Caption-style text data:
┌──

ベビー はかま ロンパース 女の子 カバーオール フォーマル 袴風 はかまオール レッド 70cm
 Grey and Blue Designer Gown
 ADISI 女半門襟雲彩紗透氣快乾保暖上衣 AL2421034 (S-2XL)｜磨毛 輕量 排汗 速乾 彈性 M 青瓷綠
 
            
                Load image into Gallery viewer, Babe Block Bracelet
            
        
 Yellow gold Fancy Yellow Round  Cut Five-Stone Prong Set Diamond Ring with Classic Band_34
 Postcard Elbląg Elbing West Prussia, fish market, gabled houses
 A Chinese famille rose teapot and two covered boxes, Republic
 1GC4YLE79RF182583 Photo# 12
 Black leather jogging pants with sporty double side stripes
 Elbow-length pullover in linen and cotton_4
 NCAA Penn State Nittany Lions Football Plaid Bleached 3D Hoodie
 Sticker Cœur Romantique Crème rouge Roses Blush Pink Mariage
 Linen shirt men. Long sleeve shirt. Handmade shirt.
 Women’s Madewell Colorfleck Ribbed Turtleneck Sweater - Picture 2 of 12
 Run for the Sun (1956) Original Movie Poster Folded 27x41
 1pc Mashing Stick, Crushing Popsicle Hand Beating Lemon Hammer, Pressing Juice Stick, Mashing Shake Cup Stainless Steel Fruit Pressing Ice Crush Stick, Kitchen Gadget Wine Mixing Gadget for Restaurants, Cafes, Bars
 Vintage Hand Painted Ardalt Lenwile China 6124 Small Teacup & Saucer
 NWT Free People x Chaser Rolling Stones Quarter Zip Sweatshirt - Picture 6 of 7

└──

Write out exactly the lines above between the line with "ADISI 女半門襟雲彩紗透氣快乾保暖上衣 AL2421034" and the line with "Run for the", inclusive, and nothing beyond them.

 ADISI 女半門襟雲彩紗透氣快乾保暖上衣 AL2421034 (S-2XL)｜磨毛 輕量 排汗 速乾 彈性 M 青瓷綠
 
            
                Load image into Gallery viewer, Babe Block Bracelet
            
        
 Yellow gold Fancy Yellow Round  Cut Five-Stone Prong Set Diamond Ring with Classic Band_34
 Postcard Elbląg Elbing West Prussia, fish market, gabled houses
 A Chinese famille rose teapot and two covered boxes, Republic
 1GC4YLE79RF182583 Photo# 12
 Black leather jogging pants with sporty double side stripes
 Elbow-length pullover in linen and cotton_4
 NCAA Penn State Nittany Lions Football Plaid Bleached 3D Hoodie
 Sticker Cœur Romantique Crème rouge Roses Blush Pink Mariage
 Linen shirt men. Long sleeve shirt. Handmade shirt.
 Women’s Madewell Colorfleck Ribbed Turtleneck Sweater - Picture 2 of 12
 Run for the Sun (1956) Original Movie Poster Folded 27x41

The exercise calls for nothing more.